Excellent question, and one I've personally struggled with for some time.
I'd like to offer two very different answers that aren't necessarily congruent, if you'll permit me.
The first is the orthodox Lutheran answer. Confessional Lutheranism is insistent that there is an absolute difference between the revealed God and the hidden God. God revealed is God in his grace, mercy, and forgiveness known through his promises and acts of redemptive in history and the scriptures. God hidden is God sought out on human initiative through intellectual inquiry who can only be known in his wrath and condemnation. Therefore, any knowledge of God that comes apart from the scriptures can only ultimately lead to a knowledge of God that provides no balm for guilty consciences.

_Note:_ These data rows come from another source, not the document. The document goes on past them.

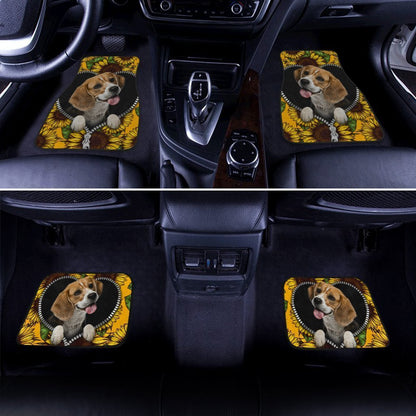 Dog Car Floor Mats Lovely Sunflower Beagle In Zipper Pattern Car Mats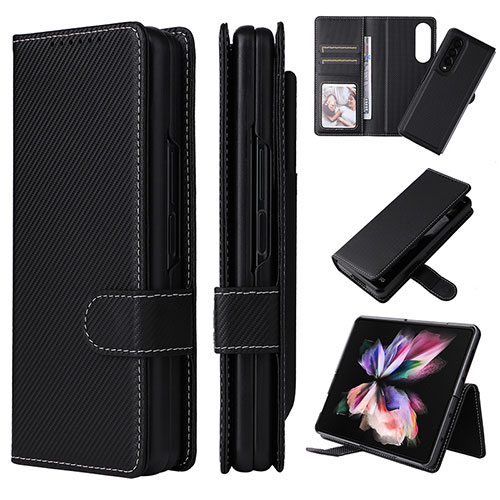 Leather Case Stands Flip Cover Holder L17Z for Samsung Galaxy Z Fold3 5G Black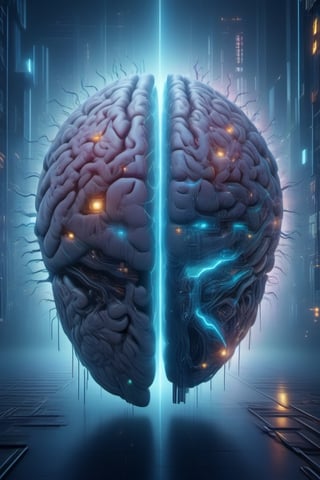 An image of a brain that is divided into two parts, a logical one and a creative one, representing the intellect and duality of the Gemini, surreal style,Magical Fantasy style,CyberPunkAI,Land Of Boo,cyberpunk style,night city,Sci-fi ,<lora:659095807385103906:1.0>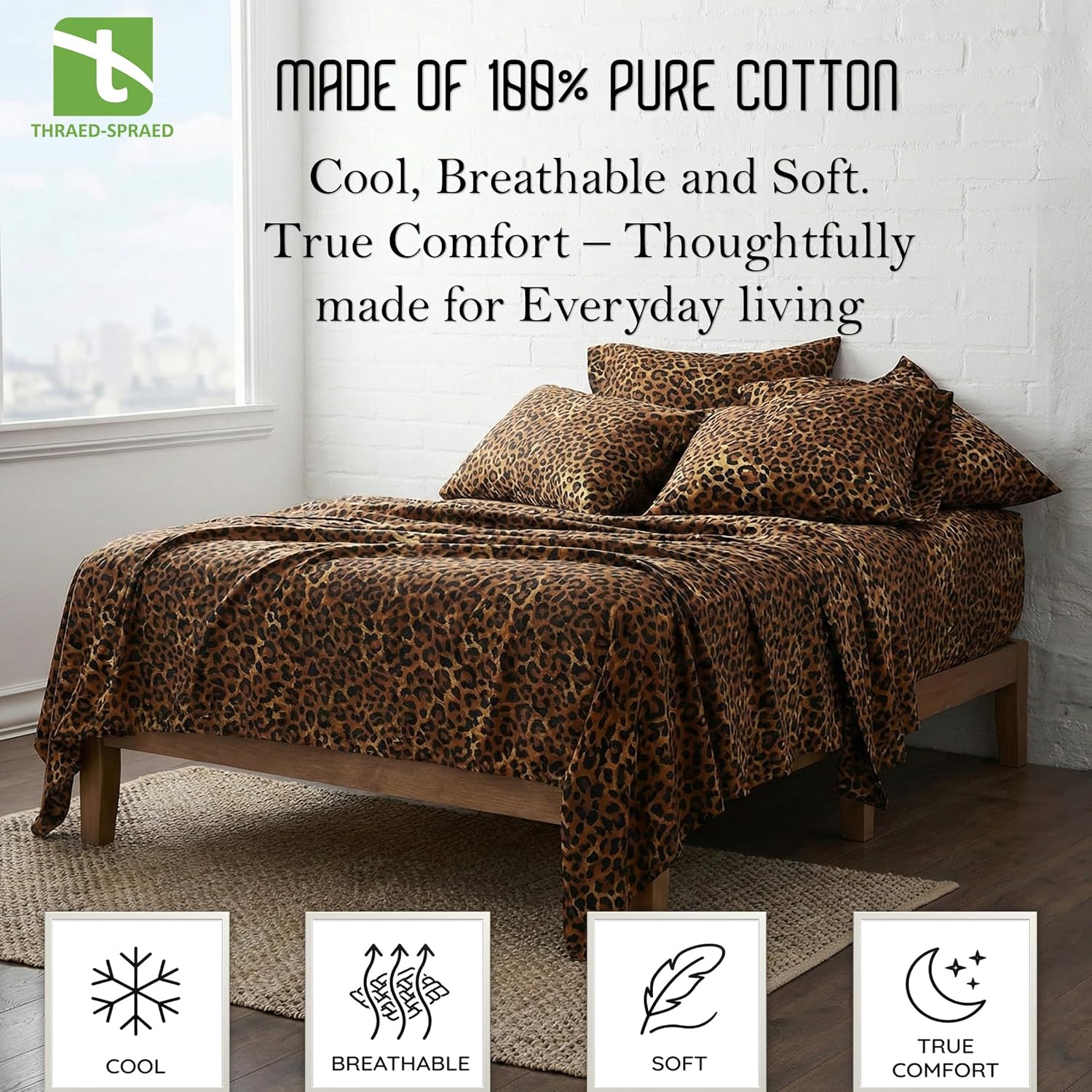 Queen Size 4-Piece Sheet Set 800 Thread-Count 100% Egyptain Cotton, 800TC Soft, Breathable, Long-Staple Cotton Sateen Weave, Fits 15 Inches Deep Pockets Mattress - Leopard Print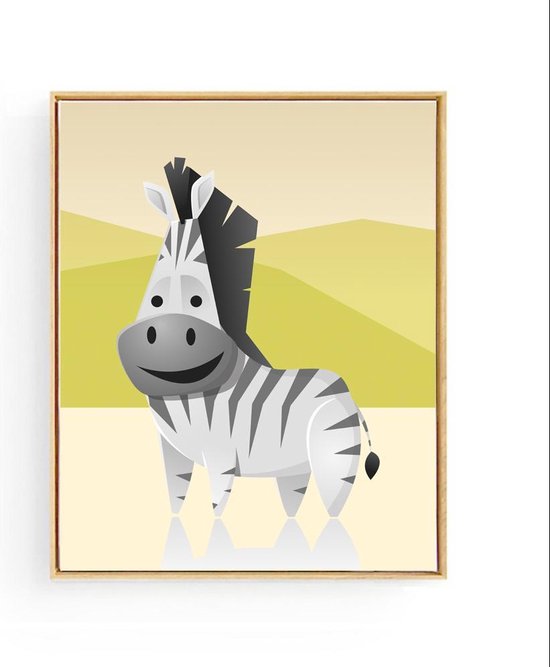 Poster Safari Dikke Zebra - 70x50cm- Dieren - Baby / Kinderkamer - Muurdecoratie - Postercity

Ok, now that that's out of the way to satisfy my fellow Lutherans... I think Eucharistic and Marian apparitions within the Catholic Church are entirely valid, because the Eucharist is Christ on earth and Mary is actively interceding for her Son's body, the church, and we should expect nothing less.
Wait, what?
Oh, yes. As a Lutheran, I firmly believe that the Eucharist is Christ's body and blood, and if Christ chooses to reveal the hidden reality of his physical presence in the sight of his faithful, that is his prerogative. And as an evangelical catholic (another and more accurate term for Lutheran), I absolutely believe that Queen Mary is in heaven attending her Son, and if he wishes to use her to further his mission to redeem the world by making her concern for his faithful known, then that too is his prerogative. I'm perfectly comfortable with both.
Do I think every instance of Marian and Eucharistic apparitions are valid? No, of course not, and I doubt that every instance are considered valid among Catholics. But many surely are, and that causes me no trouble either as a Lutheran nor as an evangelical catholic.